_PROVIDED RECORDS_.
•••••

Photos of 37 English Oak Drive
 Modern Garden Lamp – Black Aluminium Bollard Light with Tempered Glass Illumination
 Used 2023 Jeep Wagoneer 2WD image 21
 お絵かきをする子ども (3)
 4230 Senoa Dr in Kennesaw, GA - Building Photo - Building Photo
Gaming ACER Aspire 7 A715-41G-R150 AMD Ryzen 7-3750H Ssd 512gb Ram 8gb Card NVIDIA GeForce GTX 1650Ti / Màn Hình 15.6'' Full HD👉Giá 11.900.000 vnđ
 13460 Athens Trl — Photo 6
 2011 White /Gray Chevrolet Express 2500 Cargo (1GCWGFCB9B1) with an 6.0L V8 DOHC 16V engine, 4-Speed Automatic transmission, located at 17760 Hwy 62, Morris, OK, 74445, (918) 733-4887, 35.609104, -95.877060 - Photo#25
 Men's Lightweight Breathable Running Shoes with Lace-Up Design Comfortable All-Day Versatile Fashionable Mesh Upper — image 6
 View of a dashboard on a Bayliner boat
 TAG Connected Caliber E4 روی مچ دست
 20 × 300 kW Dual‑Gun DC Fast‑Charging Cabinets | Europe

•••••

_WORK TO BE COMPLETED_.
Would you reproduce all of the data exactly, without a single alteration?

_WORKED SOLUTION_.
Photos of 37 English Oak Drive
 Modern Garden Lamp – Black Aluminium Bollard Light with Tempered Glass Illumination
 Used 2023 Jeep Wagoneer 2WD image 21
 お絵かきをする子ども (3)
 4230 Senoa Dr in Kennesaw, GA - Building Photo - Building Photo
Gaming ACER Aspire 7 A715-41G-R150 AMD Ryzen 7-3750H Ssd 512gb Ram 8gb Card NVIDIA GeForce GTX 1650Ti / Màn Hình 15.6'' Full HD👉Giá 11.900.000 vnđ
 13460 Athens Trl — Photo 6
 2011 White /Gray Chevrolet Express 2500 Cargo (1GCWGFCB9B1) with an 6.0L V8 DOHC 16V engine, 4-Speed Automatic transmission, located at 17760 Hwy 62, Morris, OK, 74445, (918) 733-4887, 35.609104, -95.877060 - Photo#25
 Men's Lightweight Breathable Running Shoes with Lace-Up Design Comfortable All-Day Versatile Fashionable Mesh Upper — image 6
 View of a dashboard on a Bayliner boat
 TAG Connected Caliber E4 روی مچ دست
 20 × 300 kW Dual‑Gun DC Fast‑Charging Cabinets | Europe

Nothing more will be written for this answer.